I was sitting in the breakroom at work.
Eating the same sandwich I eat every day. On my phone.
My coworker Nate walked in, closed the door, and turned the lock.
We were the only two in the room.
“Don’t freak out,” he said.
Which is the first thing you say when someone should freak out.
So, that’s what I did.
I looked up slowly.
Serious face.
No sarcasm. So I dropped mine too.
“What?” I said.
“I just need to show you something,” he said.
He had his backpack with him.
He set it on the table.
“Okay,” I said.
I was expecting a gun.
Or a lottery ticket.
Or something dumb he thought was dramatic.
Any of the three would’ve fit his personality.
He unzipped the bag, pulled out a lunchbox.
Set it down in front of me.
Then he said:
“This is yours.”
It wasn’t.
I’ve never seen this lunchbox before.
Muted red.
Scratched sticker on the lid.
Little Velcro flap.
Definitely not mine.
Except... then I saw the initials on the side.
Sharpie. Dry. But there:
MB. My initials.
And I don’t have a unique name.
But I still asked:
“Where the hell did you get this?”
He said:
“Locker 193.”
There are 192 lockers in our building.
I know this because I set them up.
I run facilities. I ordered the doors, handled the numbering personally.
There are no extra lockers.
But sure.
He tells me he was fixing a stuck hinge in the back corner hallway
(The one we don’t use anymore.
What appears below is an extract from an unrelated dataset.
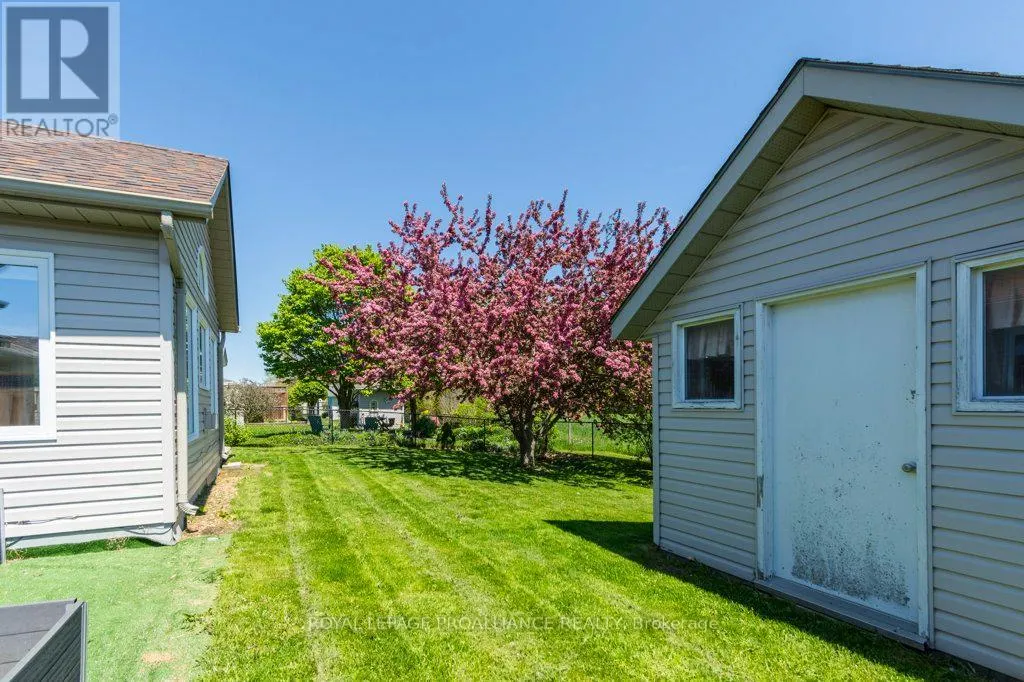 51 APPLEWOOD DRIVE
The hallway that leads to, essentially, nothing.)
And at the end of that hallway, flush into the wall, was:
“Locker 193”
He opened it.
Expecting scrap, dust, maybe nothing.
But inside: just this lunchbox.
Sitting there like it’d just been packed that morning.
He didn’t open it.
He brought it straight to me.
Except
Then he said:
“I lied. I did open it.”
He looked pale. More than before.
Then said:
“It’s… all your stuff.”
“Like… stupid detail stuff.”
“Snacks. Like the brand of almonds you eat. Your gum. Even the folded napkins, the weird triple-fold thing you always do.”
Then he said the part that made my stomach flip:
“There’s a note inside, written in your handwriting. Says:
‘Don’t forget the 17th.’"
I haven’t written that anywhere.
But I’ve said it.
On the phone. In passing.
It's the surgery follow-up for my kid. The 17th.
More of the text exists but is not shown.